RECORDS:
──────────────────────────────

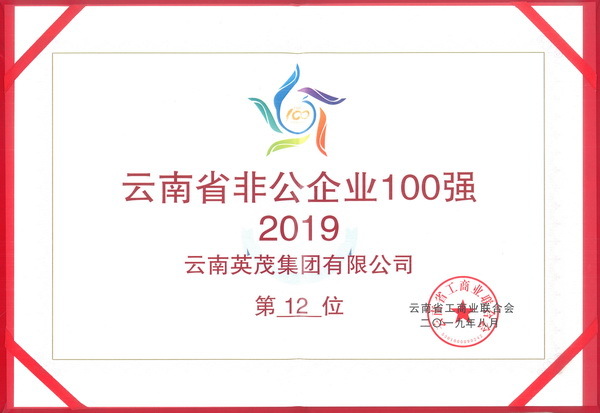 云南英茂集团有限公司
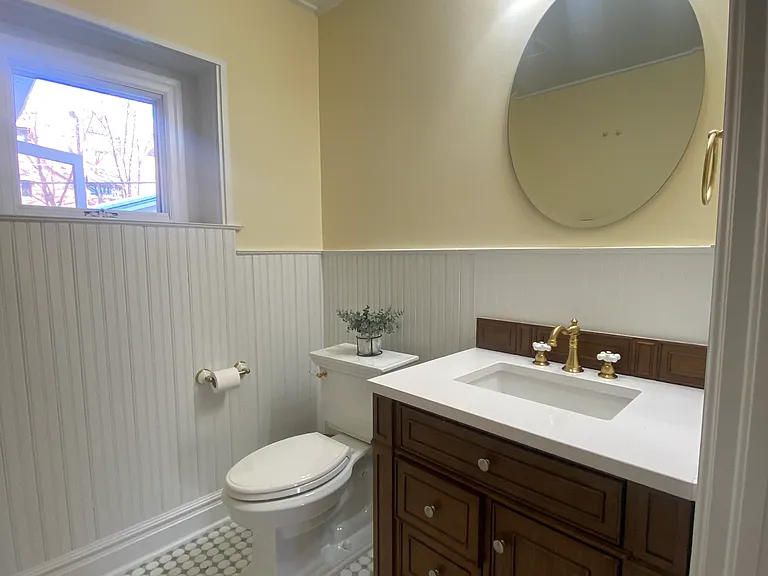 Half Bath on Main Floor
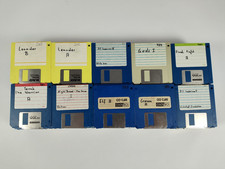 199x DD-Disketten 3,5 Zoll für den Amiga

──────────────────────────────

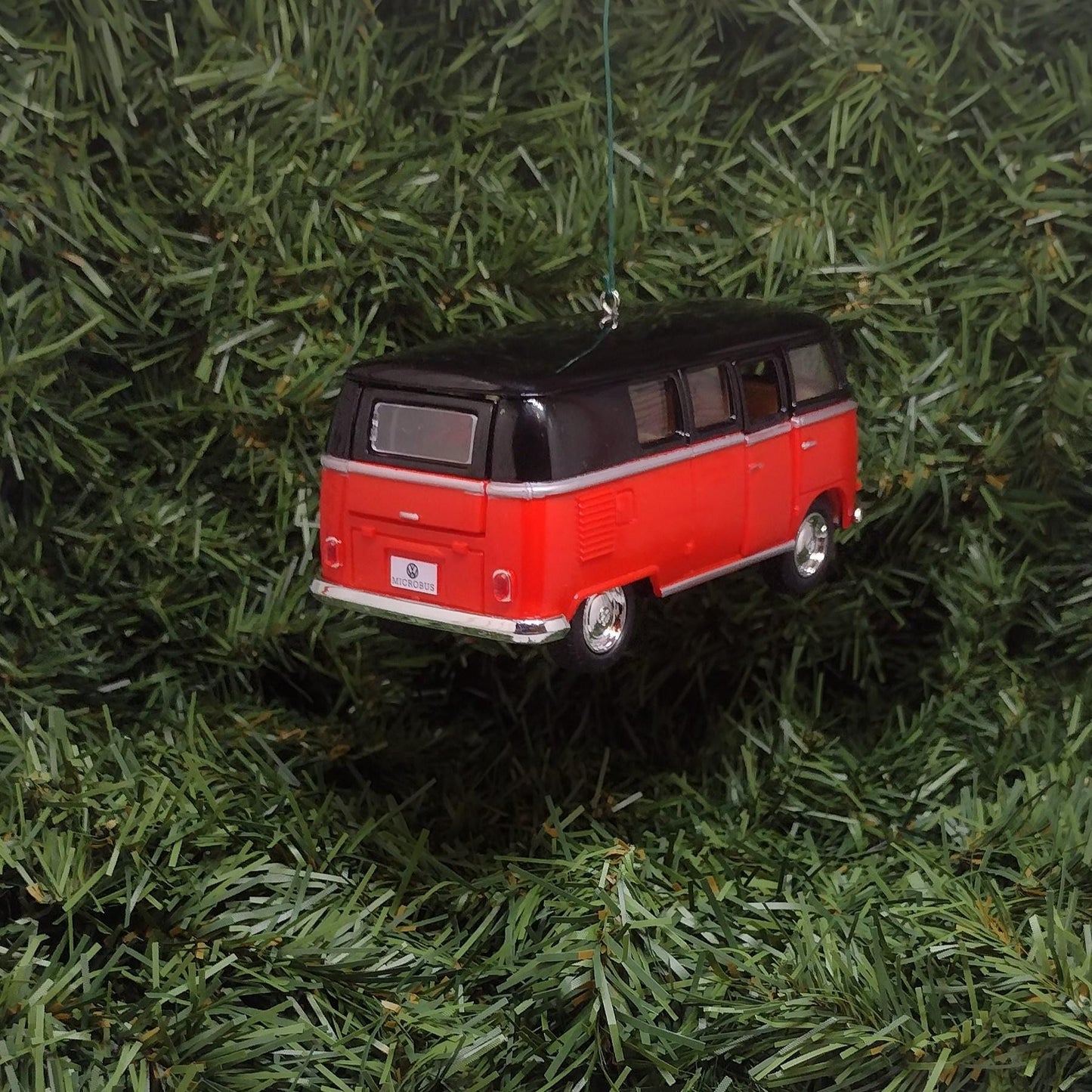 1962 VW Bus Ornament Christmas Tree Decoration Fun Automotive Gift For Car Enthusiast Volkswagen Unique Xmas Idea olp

──────────────────────────────

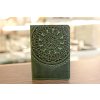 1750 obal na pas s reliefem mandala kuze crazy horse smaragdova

──────────────────────────────

PROBLEM:
Pictures excluded, transcribe the listing above exactly from the line with "Half Bath on Main Floor" through the line with "199x DD-Disketten 3,5 Zoll für den Amiga", and no further.

SOLUTION:
 Half Bath on Main Floor
 199x DD-Disketten 3,5 Zoll für den Amiga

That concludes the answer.